Duddeston is first mentioned in a charter granted to Wulfget the Thane by Eadgar, King of the Angles in 963. There is no mention of Duddeston for another 200 years until it said that the Holte family were the residents of Duddeston Manor, a large house located next to the River Rea. This had been purchased by the family in 1365 by the family who also owned the manor of Nechells and were related to a prominent family in Erdington. Their wealth of land expanded two years later when the manor of Aston was bestowed upon them.

One hundred years later, Thomas Holte became the Chief Justice of Wales and a close friend of King Henry VIII. In 1546, Thomas died and Duddeston Hall was a sign of his wealth. His grandson, also called Thomas Holte, supplied a small army in defending Ireland and for this he was knighted. He commissioned the construction of Aston Hall soon after.

During the 18th century, many adverts for cock fighting at the hall appeared and in many, the name Vauxhall appeared. The first use of the name Vauxhall was in 1751 and was spelt Vaux Hall. It was referred to as another name for the hall. It is also known that the building had been refurbished, possibly rebuilt, to accommodate travellers. Large gardens had also been created and it became an attraction for the city. Travelling there was made easier with the opening of Duddeston and Vauxhall railway station. However, the owners of the hall ran into financial difficulty and the last celebrations in the gardens were held in September 1850, before the gardens were removed. Houses were built on site.

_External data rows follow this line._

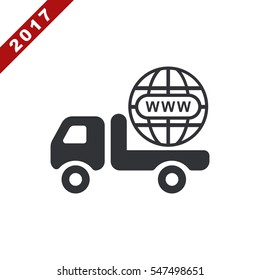 Truck Icon Vector flat design style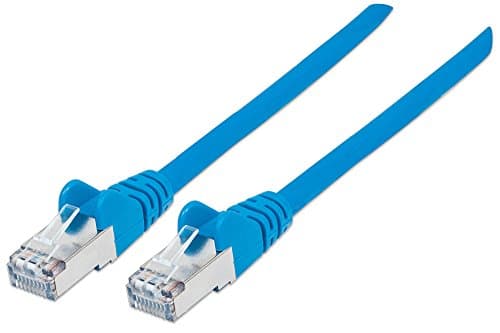 Image of Intellinet Network Patch Cable, Cat6, 15m, Blue, Copper, S/FTP, LSOH / LSZH, PVC, RJ45, Gold Plated Contacts, Snagless, Booted, Polybag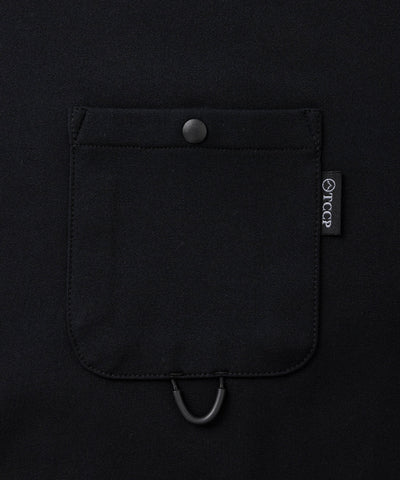 THE CRAFT CREW PRODUCTS / 四向彈性機能 圓領口袋長T恤（抽繩下擺）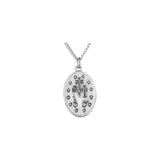 Sterling Silver 19x13.5 mm Oval Miraculous Medal 18" Necklace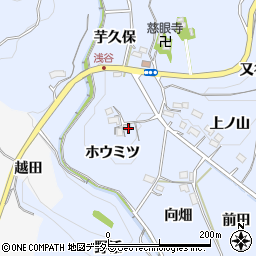 愛知県新城市浅谷ホウミツ37周辺の地図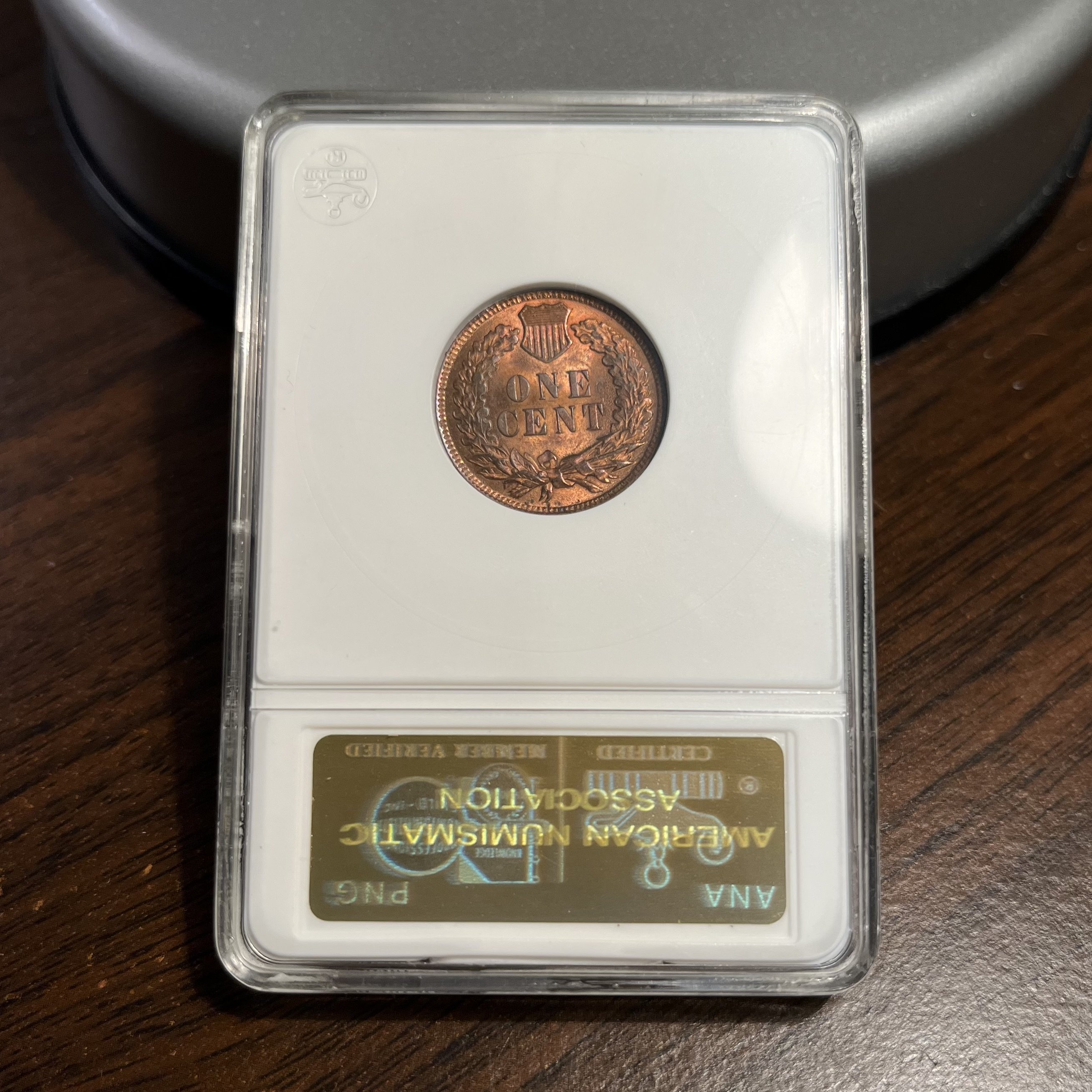 1901 Indian Head Cent Reverse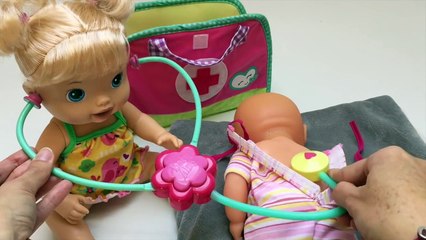 Baby Alive se Kit Bébé Poupée Sac de Médecin Nenuco Poupée Bébé nouveau-né Visite chez le Médecin Jouet Vidéos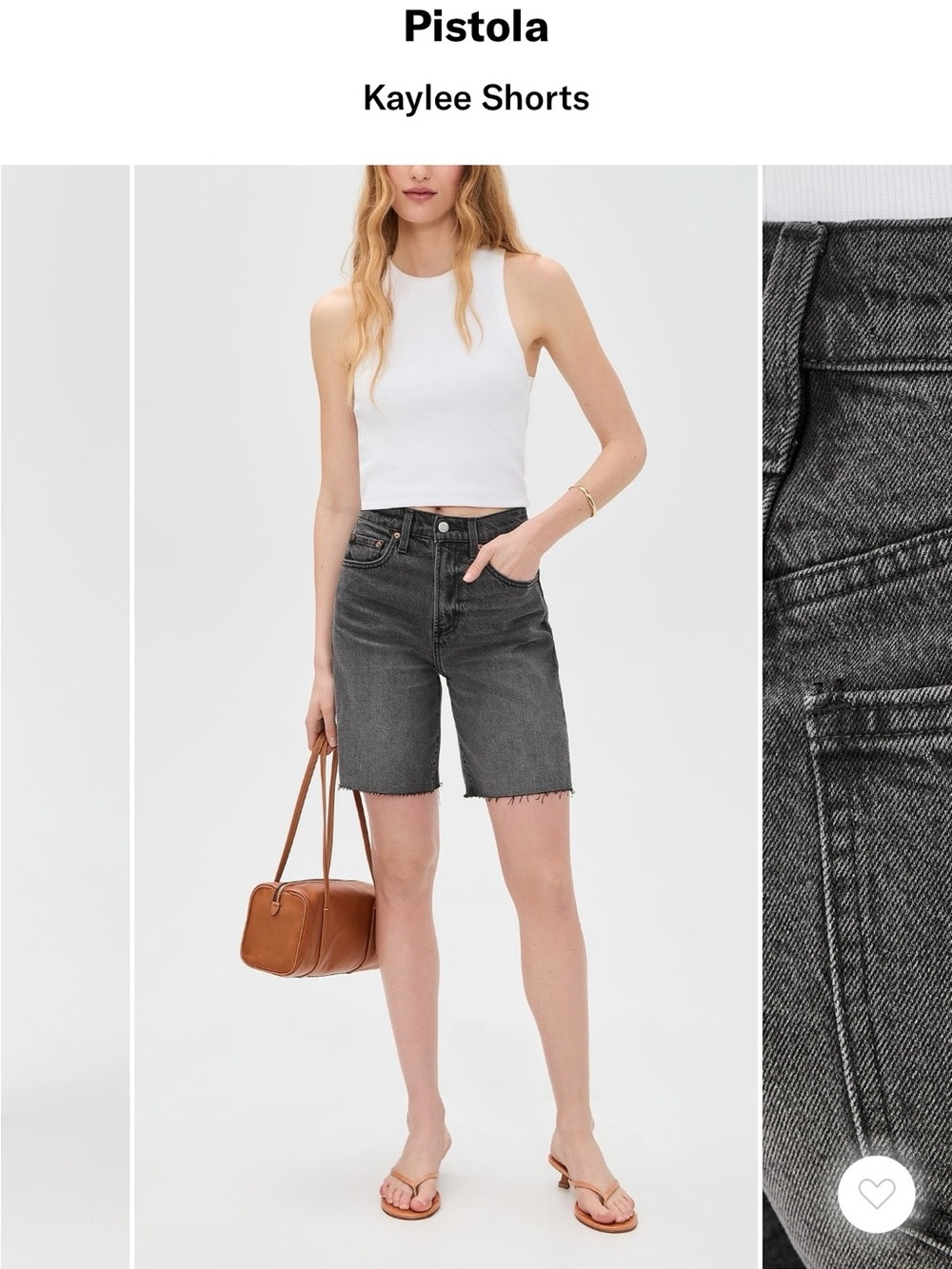 Pistola Kaylee denim Jean shorts in Citadel Vintage . NWT! Size 27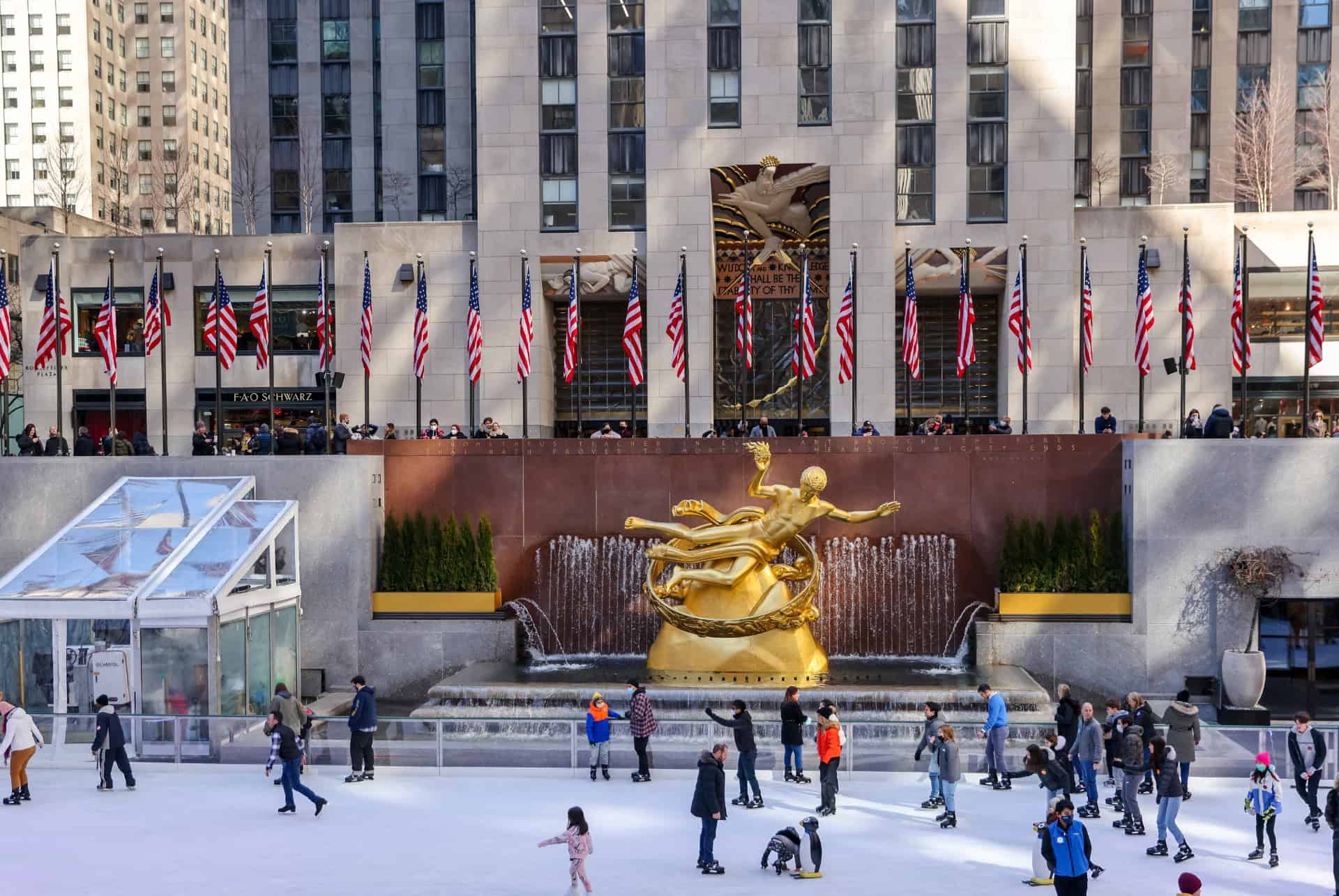patinoire rockefeller center new york en mars patinoire rockefeller center new york en mars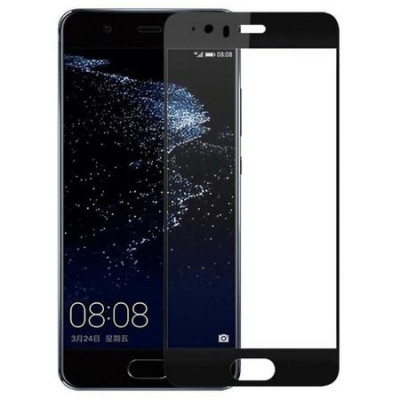 Folie sticla securizata 5D Full Glue pentru Huawei P10, Negru foto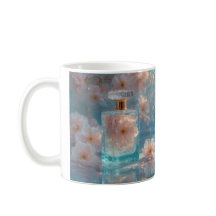 Crystal Zephyr - Elegant Pastel Aquamarine Mug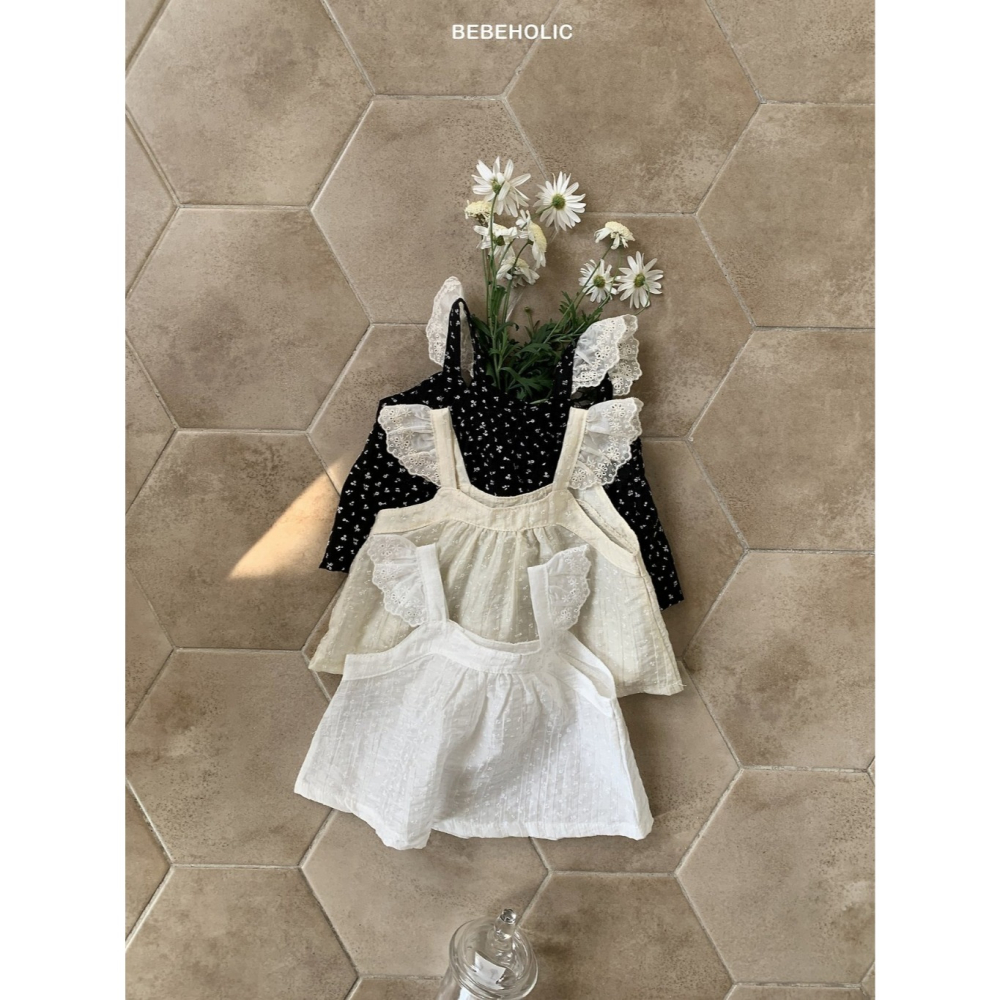 26夏 正韓 BEBEHOLIC｜Pure Lace 飄逸布蕾絲 無袖上衣-細節圖3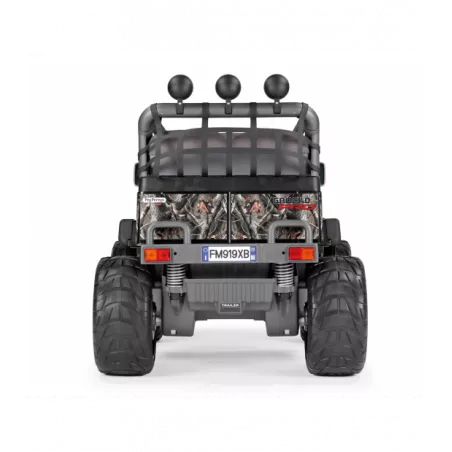Todoterreno eléctrico infantil Gaucho Pro 24V Realtree con ruedas de goma y diseño de camuflaje.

During the Priestly Riots of 1791, the military established Duddeston Barracks in the area. The barracks remained until 1932, when they were demolished by the Birmingham Corporation for the construction of maisonettes.

After sustaining heavy damage during World War II bombing raids, as a result of its close proximity to targets such as factories and gas works, the area was named as one of five regeneration areas of the city with  of land in Duddeston and the adjoining Nechells prepared for redevelopment under the Housing Act of 1936. This was the first redevelopment area proposed by Herbert Manzoni and was approved in 1950. Most of the area was rebuilt in the 1950s and 1960s. This began with the construction of four tower blocks, which were the first tower blocks in the city. Collectively known as the Duddeston Four, the 12-storey High, Queens, Home and South Towers, were all completed between 1954 and 1955 to a design by SN Cooke and Partners. They consist of a stretched X-shaped footprint and have brick cladding with porthole shaped windows. The design was expensive and upon their completion, they were criticised by the council over their cost, despite received positive reviews from the "Municipal Journal" and "Architectural Review". In the 1990s, they were refurbished and a new security system was installed, while other multi-storey blocks in the area were demolished and replaced by low-rise housing, continuing with the theme of low-rise housing in the area which began in the 1970s.

Notable people
Samuel "John" Galton Jr. FRS, (1753–1832), was born in Duddeston.
 William Amey VC MM, (1881–1940), recipient of the Victoria Cross in World War I,  was born in Duddeston.

Reggae band, Musical Youth

Transport
Duddeston railway station is served by trains on the Cross-City Line and the Walsall Line.